There is little doubt that many in the EU are still concerned about the impact of the refugee crisis. A recent poll by Eurobarometer showed that immigration remained the highest concern in every EU country except Portugal and Sweden.
But even within the migration debate there is nuance. “It is not just concern about numbers of people coming in –there are also strong concerns in some member states about emigration,” says Susi Dennison, a director at the European Council on Foreign Relations, a pro-EU think-tank. “There is also a concern about integration.”
Then there is the strong progressive voice emerging: Green parties in Germany and the Netherlands are expected to make large gains, reflecting a growing awareness of environmental issues. The Eurobarometer poll showed that climate change is now one of the top three concerns in 10 countries. What is certain is that Europe has undergone a seismic shift since the last parliamentary elections in 2014: the UK has voted to leave the EU, a nationalist coalition has taken over a founding member (Italy) and a refugee crisis has shaken the bloc’s core values.
While the final make-up of the parliament remains to be seen, there is little doubt that there are huge challenges ahead. Just don’t place any bets on how those will play out at the ballot box.
Smog of war
Balkans — Environment
Five environmental ngos, including cee Bankwatch, have urged EU policymakers to take a tougher stance on coal-powered plants in Kosovo, Bosnia and Herzegovina, Montenegro, the Republic of North Macedonia and Serbia. According to a report published by the ngos, the 16 Communist-era plants use lignite – the most environmentally damaging of coals – as their primary source of energy. The loudest objections have come from residents of Pristina and Skopje, which have high levels of pollution. So far they seem to be falling on deaf ears.
Peru — Politics
Peruvian cabinet reshuffles don’t tend to make waves but the latest changes in president Martín Vizcarra’s inner circle have attracted some attention. Not only was his choice of prime minister a surprise – actor Salvador del Solar, who starred in Netflix series Narcos – but so was the equal split between men and women in his new cabinet. Latin America is paving the way for gender representation in politics: Colombia, Costa Rica and Nicaragua have more female ministers than male ones.

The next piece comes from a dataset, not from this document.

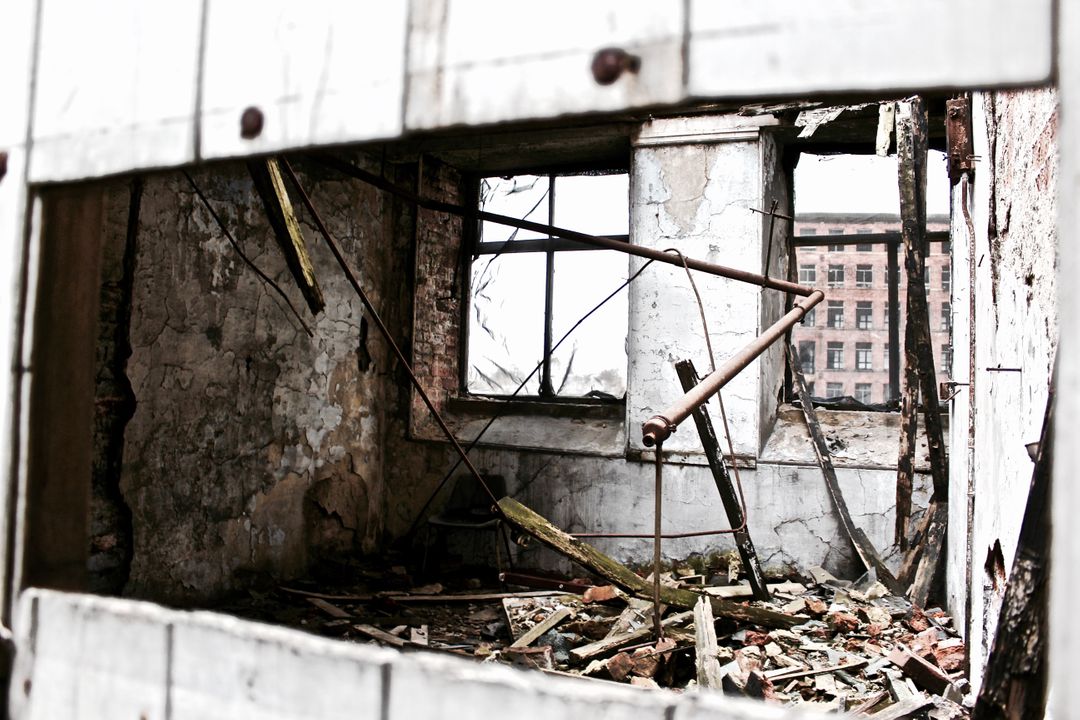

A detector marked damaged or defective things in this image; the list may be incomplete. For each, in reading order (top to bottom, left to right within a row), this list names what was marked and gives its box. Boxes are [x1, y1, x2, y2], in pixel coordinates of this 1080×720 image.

Minister for housing & financial markets
Stockholm is keen to attract foreign talent as its technology industry booms. But businesses say that employees are struggling to find places to live due to the city’s housing shortage. We find out how the government is trying to help.
What are your plans to help mitigate the housing crisis?

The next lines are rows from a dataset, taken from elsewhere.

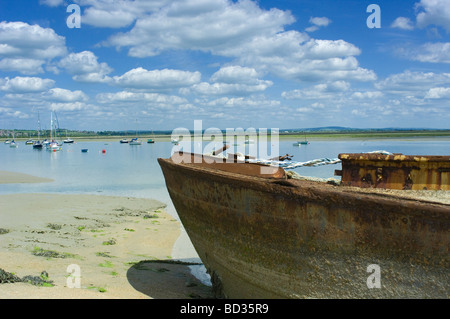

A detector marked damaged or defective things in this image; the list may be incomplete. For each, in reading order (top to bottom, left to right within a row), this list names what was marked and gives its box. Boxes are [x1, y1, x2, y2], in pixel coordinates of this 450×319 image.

rusty abandoned boat [157, 152, 446, 300]
corroded metal [156, 154, 448, 300]
corroded metal [338, 154, 450, 191]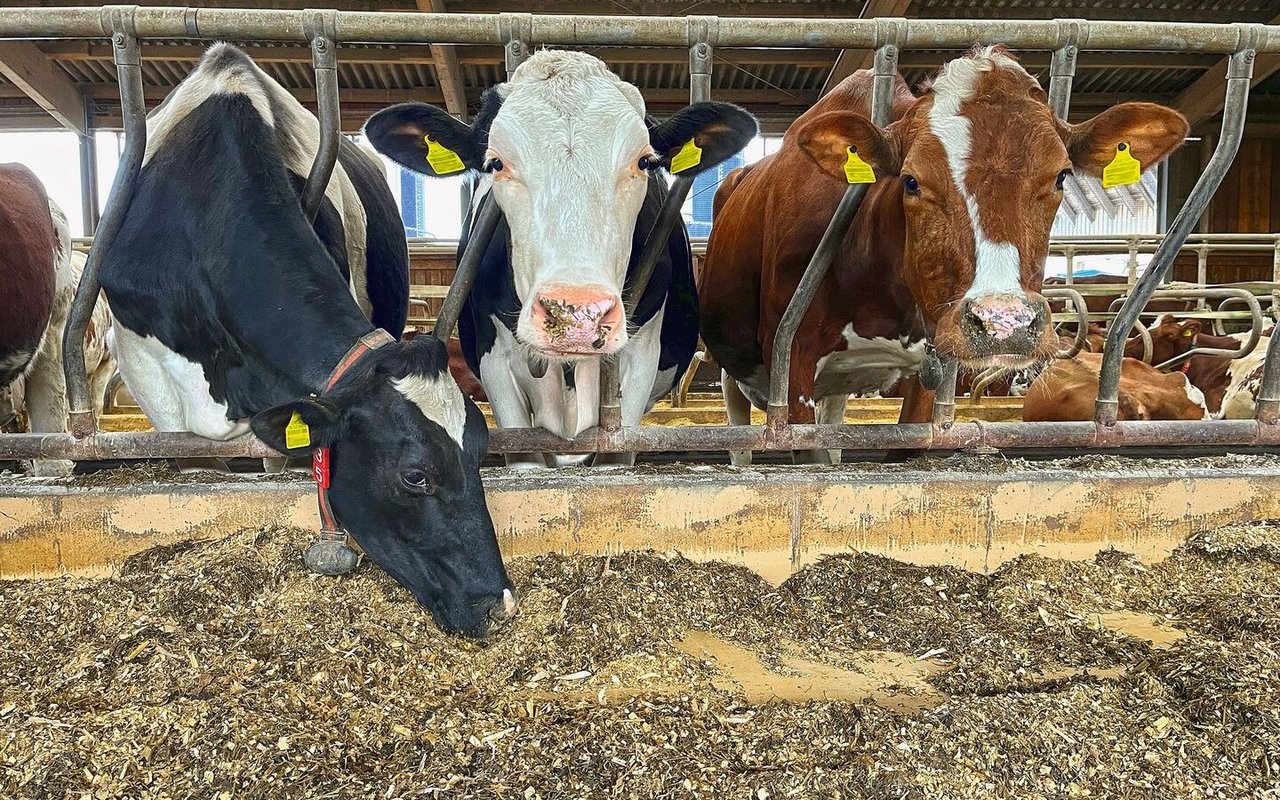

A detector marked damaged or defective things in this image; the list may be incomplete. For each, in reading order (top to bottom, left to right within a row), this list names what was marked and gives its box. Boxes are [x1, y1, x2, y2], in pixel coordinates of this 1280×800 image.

rusty metal pipe [1095, 49, 1254, 424]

Construction is at a level that we haven’t seen for four decades. In the January agreement [between the government and two other parties] we introduced a free rental market for new builds. So when you produce new housing you are free to set the rent based on the market rather than at state-regulated prices.
Couldn’t this create problems for those on lower incomes?

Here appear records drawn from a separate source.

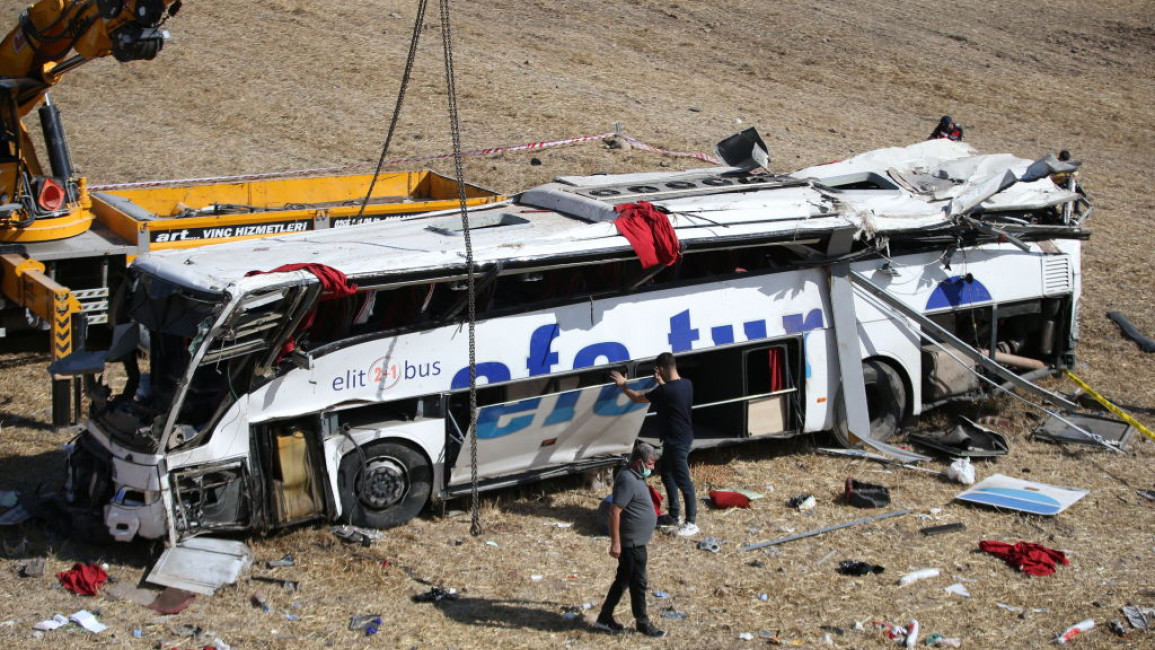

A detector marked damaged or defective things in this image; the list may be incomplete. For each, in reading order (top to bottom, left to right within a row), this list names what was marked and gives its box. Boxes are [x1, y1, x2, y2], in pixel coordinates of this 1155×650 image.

crushed bus roof [135, 139, 1081, 292]
crashed white bus [58, 136, 1085, 544]
torn metal sheet [905, 417, 1007, 457]
torn metal sheet [1034, 408, 1131, 450]
torn metal sheet [951, 475, 1085, 517]
torn metal sheet [145, 540, 251, 595]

Of course, this is not the only solution to the housing market. We have to work much more broadly so that there is an opportunity to find apartments with low rents as well.
The government is planning a language test for foreigners who want to become Swedish citizens. Wouldn’t that put foreign talent off?
It’s only relevant when you want to change your citizenship. People can come for a one-year contract and enjoy the working culture without taking a test.